## Collected material
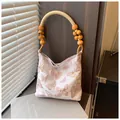 Rosa Canvas-Hobo-Tasche mit Schmetterlingsstickerei und dekorativem Holzperlengriff - Rosa
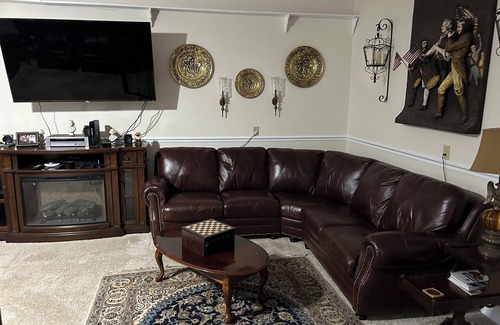 Galax Casa | Breathtaking 5/4 home + Pet friendly + pool + hot tub
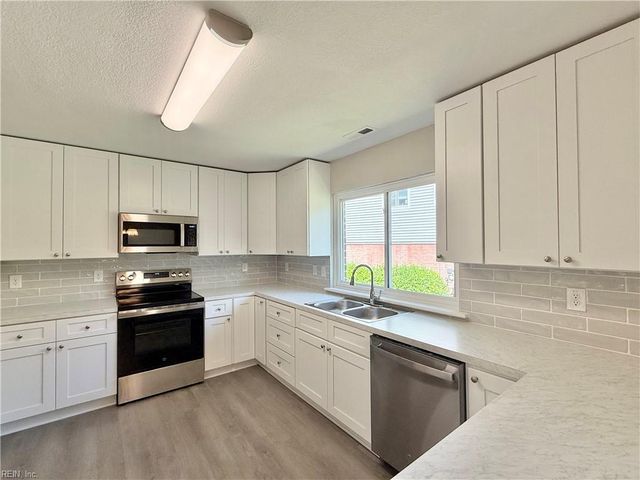 3900 Edinburgh DR, Virginia Beach, VA 23452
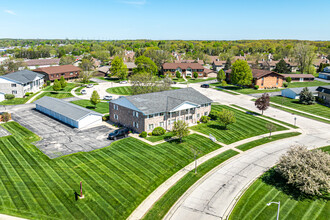 Whitnall Park Square in Franklin, WI - Building Photo - Building Photo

## What the task asks
Word for word, return the listing above; the pictures do not belong in the copy.

## Task answer
 Rosa Canvas-Hobo-Tasche mit Schmetterlingsstickerei und dekorativem Holzperlengriff - Rosa
 Galax Casa | Breathtaking 5/4 home + Pet friendly + pool + hot tub
 3900 Edinburgh DR, Virginia Beach, VA 23452
 Whitnall Park Square in Franklin, WI - Building Photo - Building Photo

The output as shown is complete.